- Born: 31 August 1922 Tokyo, Japan
- Died: 17 July 2006 (aged 83) Okazaki, Aichi, Japan
- Education: University of Tokyo
- Known for: Discovery of troponin Diagnosis of muscular dystrophy
- Awards: Imperial Prize (1972) Order of Culture (1975) International Prize for Biology (1999)
- Scientific career
- Fields: Physiology
- Workplaces: National Institute for Physiological Sciences University of Tokyo Rockefeller University

= Setsuro Ebashi =

Setsuro Ebashi MJA ForMemRS (江橋 節郎, Ebashi Setsurō) was a prominent Japanese physiologist who uncovered the regulatory role of calcium in cells.
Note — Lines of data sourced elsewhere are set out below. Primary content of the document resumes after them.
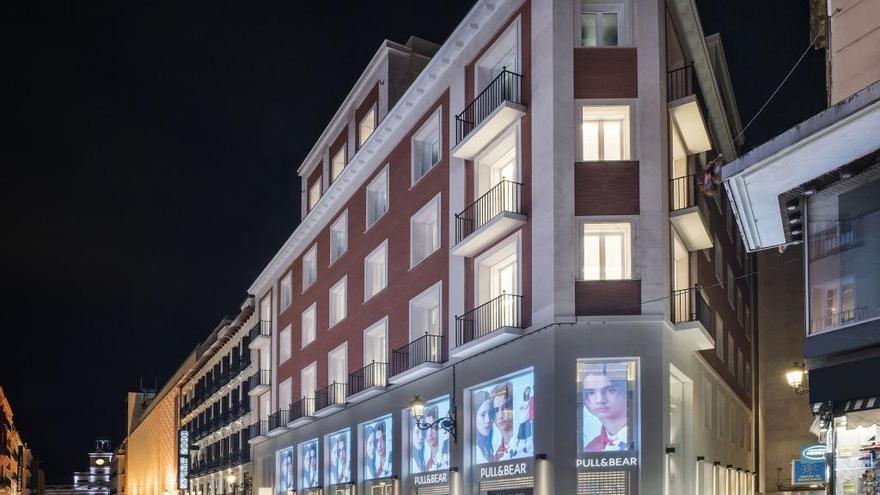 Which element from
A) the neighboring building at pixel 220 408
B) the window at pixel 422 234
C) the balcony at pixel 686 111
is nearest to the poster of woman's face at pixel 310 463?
the neighboring building at pixel 220 408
He is famous for the discovery of troponin in 1965, which is integral to muscle contraction, as well as for the contribution of diagnosis of muscular dystrophy.

==Life==
Ebashi was born in Tokyo, and received his medical degree in 1944 and Ph.D. in 1954 from the University of Tokyo. He was Guest Investigator of the Rockefeller Institute in New York City from January to December 1959, where he studied with Fritz Lipmann.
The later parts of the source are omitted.